• PROBLEM TO WORK ON
Reproduce exactly the line with "Hombre de negocios" and all the lines beneath it, stopping only at the end of the material.

• DATA TO PROCESS
== Segment start ==
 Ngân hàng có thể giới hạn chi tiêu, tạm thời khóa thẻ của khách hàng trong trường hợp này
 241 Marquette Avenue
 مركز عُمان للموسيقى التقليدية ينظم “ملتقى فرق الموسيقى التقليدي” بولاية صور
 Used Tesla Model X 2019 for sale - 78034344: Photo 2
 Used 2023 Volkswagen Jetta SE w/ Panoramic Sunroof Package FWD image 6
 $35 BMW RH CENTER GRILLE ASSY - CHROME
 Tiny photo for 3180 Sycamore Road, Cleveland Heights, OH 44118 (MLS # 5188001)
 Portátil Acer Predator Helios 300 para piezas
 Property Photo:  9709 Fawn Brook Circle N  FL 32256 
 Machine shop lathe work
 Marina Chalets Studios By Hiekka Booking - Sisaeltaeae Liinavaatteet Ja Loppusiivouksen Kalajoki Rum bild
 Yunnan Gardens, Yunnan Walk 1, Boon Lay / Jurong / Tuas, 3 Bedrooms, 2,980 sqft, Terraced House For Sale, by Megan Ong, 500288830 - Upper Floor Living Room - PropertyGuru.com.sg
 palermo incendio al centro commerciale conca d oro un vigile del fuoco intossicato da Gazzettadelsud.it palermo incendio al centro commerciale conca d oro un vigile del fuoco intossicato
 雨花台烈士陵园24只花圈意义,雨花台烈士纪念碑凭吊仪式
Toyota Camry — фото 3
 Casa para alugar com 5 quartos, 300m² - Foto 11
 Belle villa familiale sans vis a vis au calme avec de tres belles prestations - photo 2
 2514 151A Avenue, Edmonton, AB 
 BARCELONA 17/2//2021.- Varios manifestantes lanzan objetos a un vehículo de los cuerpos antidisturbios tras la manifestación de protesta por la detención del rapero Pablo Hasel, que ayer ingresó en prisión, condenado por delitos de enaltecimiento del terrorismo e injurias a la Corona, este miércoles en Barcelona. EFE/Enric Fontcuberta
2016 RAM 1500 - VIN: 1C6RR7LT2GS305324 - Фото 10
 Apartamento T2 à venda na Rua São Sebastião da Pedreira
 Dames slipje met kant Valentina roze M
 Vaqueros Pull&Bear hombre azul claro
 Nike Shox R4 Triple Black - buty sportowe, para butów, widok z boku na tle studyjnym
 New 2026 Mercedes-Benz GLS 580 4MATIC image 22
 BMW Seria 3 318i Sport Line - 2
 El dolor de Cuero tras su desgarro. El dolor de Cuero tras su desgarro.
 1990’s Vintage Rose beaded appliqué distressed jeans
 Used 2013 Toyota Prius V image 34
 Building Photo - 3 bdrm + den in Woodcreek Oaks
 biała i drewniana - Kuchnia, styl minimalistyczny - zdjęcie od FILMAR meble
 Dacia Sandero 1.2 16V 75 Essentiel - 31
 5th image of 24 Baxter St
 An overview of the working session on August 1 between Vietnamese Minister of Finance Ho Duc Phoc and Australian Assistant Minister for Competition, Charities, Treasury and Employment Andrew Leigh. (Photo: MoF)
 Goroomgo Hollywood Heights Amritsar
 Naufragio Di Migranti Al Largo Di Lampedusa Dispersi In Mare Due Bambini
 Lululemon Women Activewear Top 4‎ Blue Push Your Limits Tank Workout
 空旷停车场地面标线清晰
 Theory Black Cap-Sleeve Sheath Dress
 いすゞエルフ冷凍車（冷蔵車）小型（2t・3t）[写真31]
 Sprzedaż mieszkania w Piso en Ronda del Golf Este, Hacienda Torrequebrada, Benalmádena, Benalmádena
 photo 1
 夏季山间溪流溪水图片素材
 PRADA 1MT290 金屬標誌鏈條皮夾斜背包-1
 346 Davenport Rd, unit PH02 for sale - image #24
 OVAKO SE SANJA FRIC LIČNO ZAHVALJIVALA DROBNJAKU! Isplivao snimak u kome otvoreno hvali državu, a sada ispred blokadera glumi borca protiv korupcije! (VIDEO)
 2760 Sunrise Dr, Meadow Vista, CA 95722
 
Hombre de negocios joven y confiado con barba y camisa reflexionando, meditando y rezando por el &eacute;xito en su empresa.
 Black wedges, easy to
== Segment end ==
• SOLUTION BELOW
Hombre de negocios joven y confiado con barba y camisa reflexionando, meditando y rezando por el &eacute;xito en su empresa.
 Black wedges, easy to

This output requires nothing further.